While some states have experimented successfully with drug rehabilitation and parole diversion programs, California has failed to reform its parole system and has the highest recidivism rate in the country, with 70 percent returning to prison within three years, often for minor violations such as missing a court appearance. This revolving door costs the state $1.5 billion a year and makes the overcrowding problem even worse.

The situation is so bad, that last October Governor Arnold Schwarzenegger declared a state of emergency in the prisons, and began making arrangements to move thousands of inmates to private prisons in Arizona, Tennessee, and elsewhere. Prison wardens are screening a video trying to persuade prisoners to transfer voluntarily, although so far only a few hundred have agreed. The film includes interviews with prisoners who have already been moved. “They talk to us like humans [here],” says one, “not like animals.” In reality, the private prisons have their own long record of brutality and abuse.

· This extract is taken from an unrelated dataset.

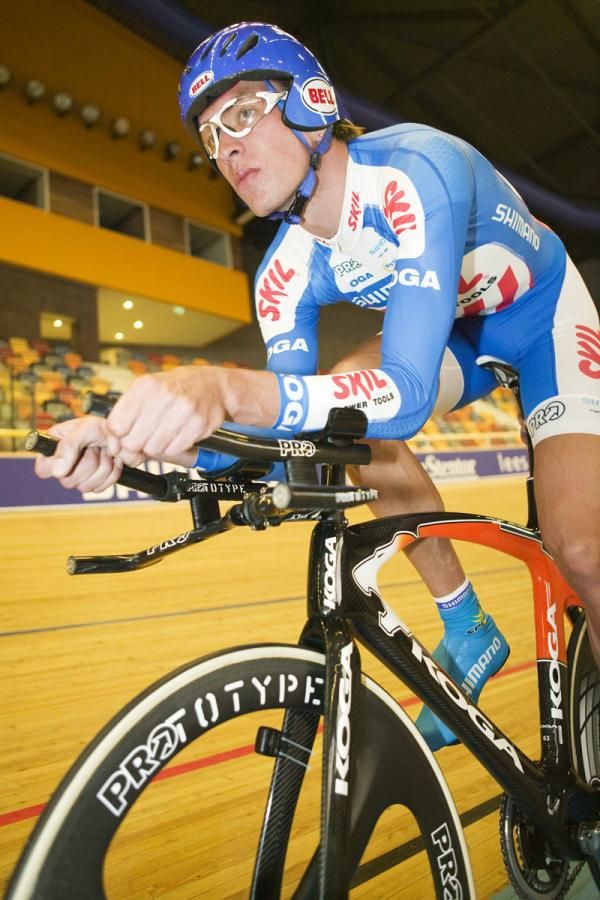 Dominique Cornu shows off Skil-Shimano's freshly redesigned skinsuit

The predictable result of massive overcrowding has been frequent violence and rioting, with Black and Latino prison gangs frequently pitted against each other. In 2006, for example, the Los Angeles County jails were rocked by a series of riots. “There’s no question this city has turned its back on incarcerated youth and turned our jails into a byproduct of such neglect,” said Lita Herron, director of Mothers on the March. “Now we’ve seen the consequences of what happens if we continue to do nothing about it.”

But the situation is similar in many other states. “The explosions of violence we are seeing in Los Angeles are systemic nationwide,” Terry Jungel, past president of the National Sheriffs Association told the media at the time. According to the Christian Science Monitor, Jungel blamed “Years of get-tough-on-crime policies [that] have emphasized rhetoric over funding, and strict confinement instead of programs to address prisoner problems or conditions.”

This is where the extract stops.